__TASK DATA__:
--*--
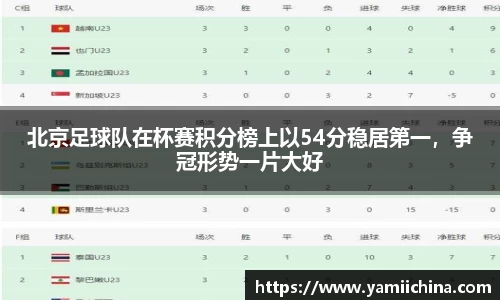 北京足球队在杯赛积分榜上以54分稳居第一，争冠形势一片大好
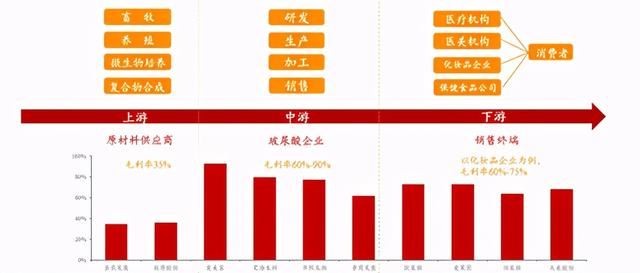 玻尿酸十大排名，口碑最好的玻尿酸排行榜10强（2022十大功效成分）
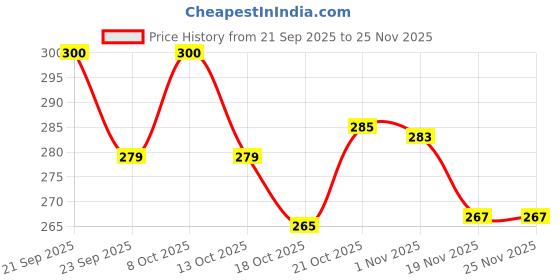 flipkart.com homebakers mart Acrylic Cake Server homebakers mart Price History Graph from 21 Sep 2025 to 24 Nov 2025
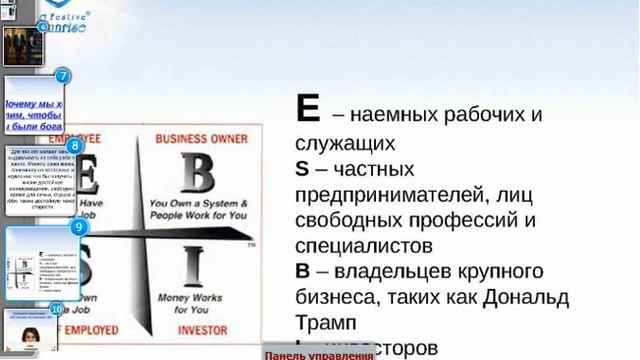 Книги, формирующие бизнес-мышление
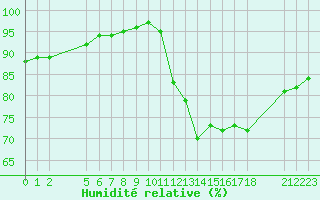 Courbe de l'humidit relative pour Liefrange (Lu)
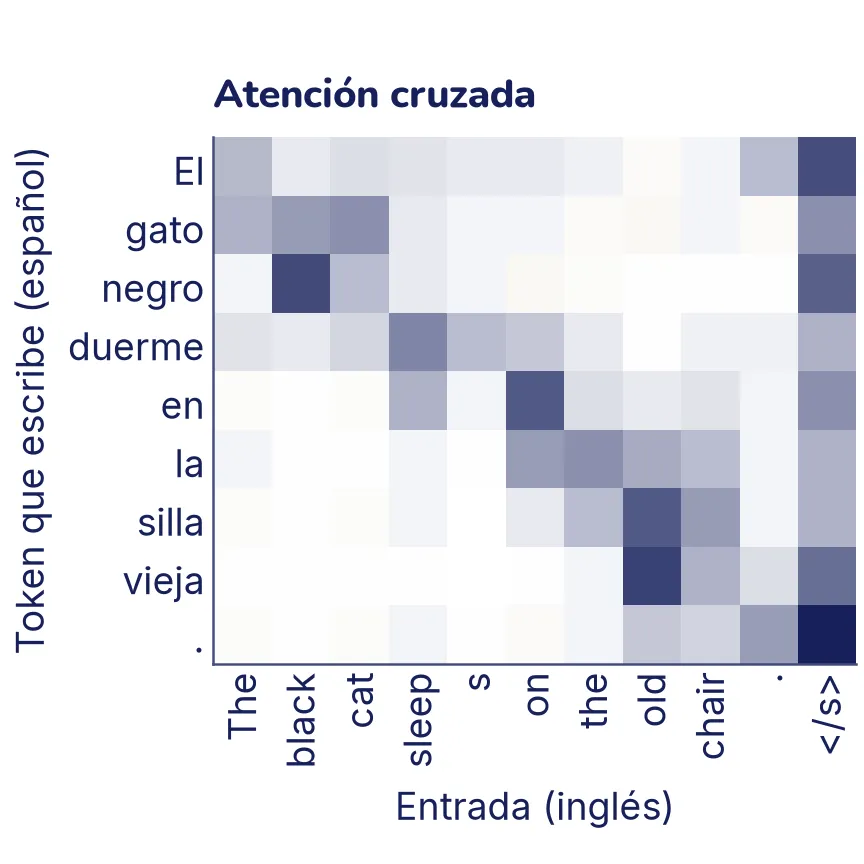 Mapa de calor de atención cruzada. Filas: los tokens en español El, gato, negro, duerme, en, la, silla, vieja y punto. Columnas: los tokens en inglés. Las celdas oscuras siguen casi una diagonal, pero gato mira a cat y negro a black, cruzándose.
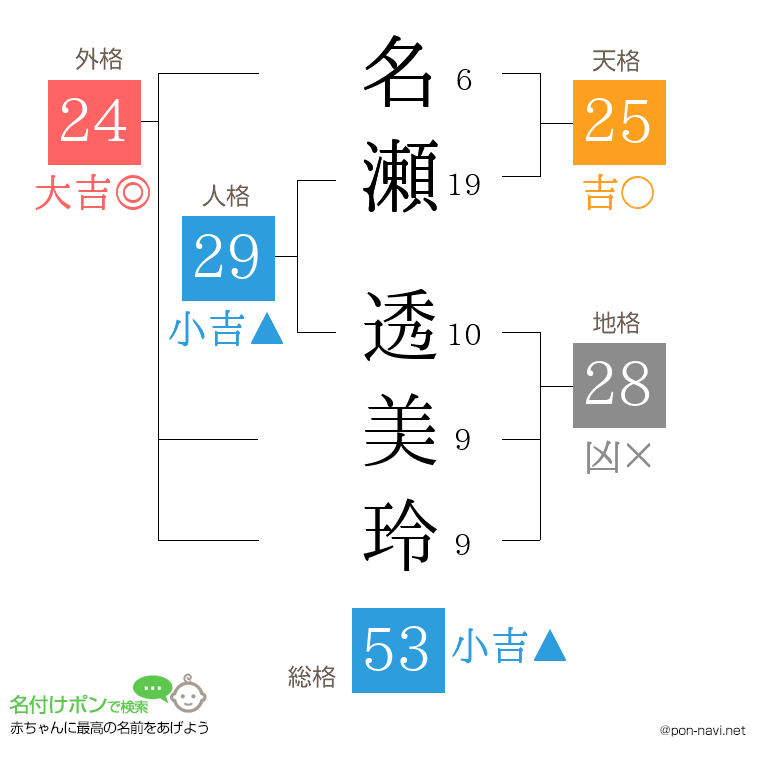 名瀬 透美玲さんの姓名判断結果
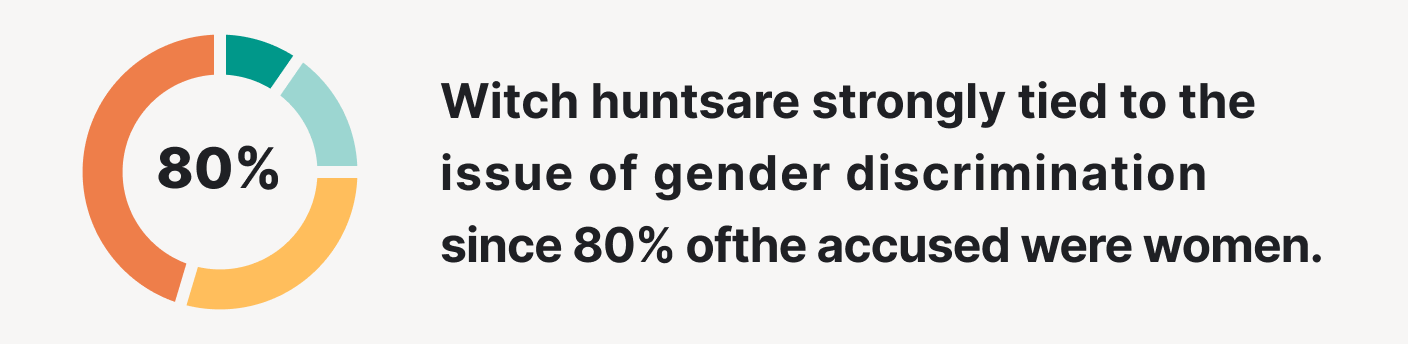 Witch hunts are strongly tied to the gender discrimination.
--*--
__WHAT YOU ARE ASKED TO DO__:
Transcribe the listing above exactly, but only from the line with "flipkart.com homebakers mart" through the line with "Courbe de l'humidit". Include both of those lines and omit the pictures.

__WORKED SOLUTION__:
 flipkart.com homebakers mart Acrylic Cake Server homebakers mart Price History Graph from 21 Sep 2025 to 24 Nov 2025
 Книги, формирующие бизнес-мышление
 Courbe de l'humidit relative pour Liefrange (Lu)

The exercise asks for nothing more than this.